I benefici di legge non erano stati chiesti dalla difesa nelle conclusioni
dibattimentali per cui il Tribunale non era gravato dall'obbligo di giustificare
il mancato esercizio un potere discrezionale che la parte non aveva sollecitato.
In merito allo omesso riconoscimento del vincolo della continuazione, il Giudice
non ha applicato l'art. 81 c. 2 c.p. in riferimento alla natura permanente del
reato di cui all'art. 727 c.p.; la motivazione non è puntuale in quanto non vi
sono ostacoli normativi o logici che impediscano di applicare la disciplina del
reato continuato anche nel caso in esame.

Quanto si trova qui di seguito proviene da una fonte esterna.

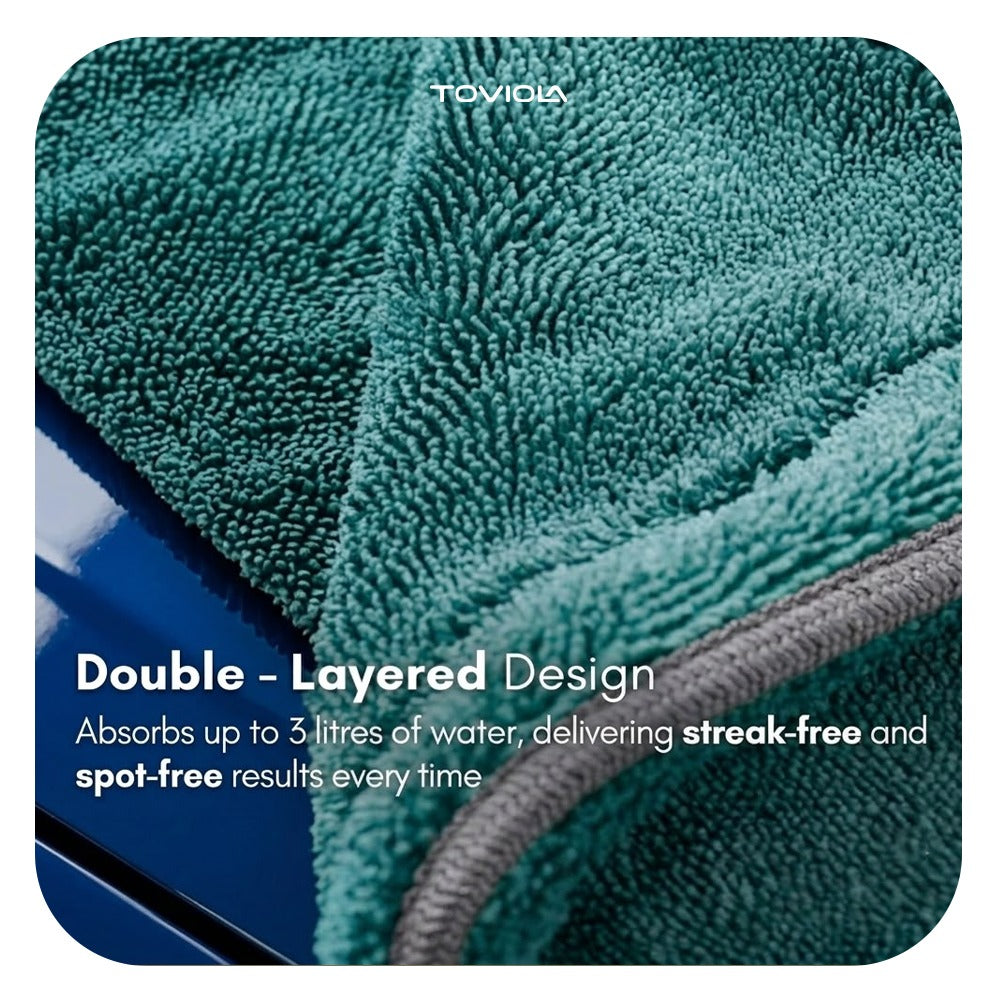 TOVIOLA Microfiber Cloth for Car 1600 GSM 40x60 cms 1 Pc Aqua Blue/Grey | Twisted Loop Super Absorbent Towel - Edgeless Design with Plush Pile and Lint Free Cloth for Drying and Detailing.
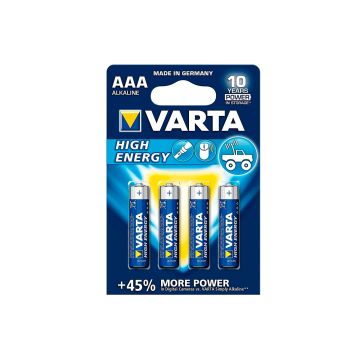 Batterie ministilo Varta AAA high energy alcalina confezione 4 pile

Tuttavia la censura dell'imputata sul punto è carente della necessaria
concretezza in quanto non evidenzia alcun serio elemento o argomento dai quali
dedurre che gli episodi antigiuridici sono stati commessi in esecuzione di
preciso programma per il conseguimento di un unico fine.
P.Q.M.
La Corte rigetta il ricorso e condanna la ricorrente al pagamento delle spese
processuali.
Così deciso in Roma, il 11 febbraio 2004.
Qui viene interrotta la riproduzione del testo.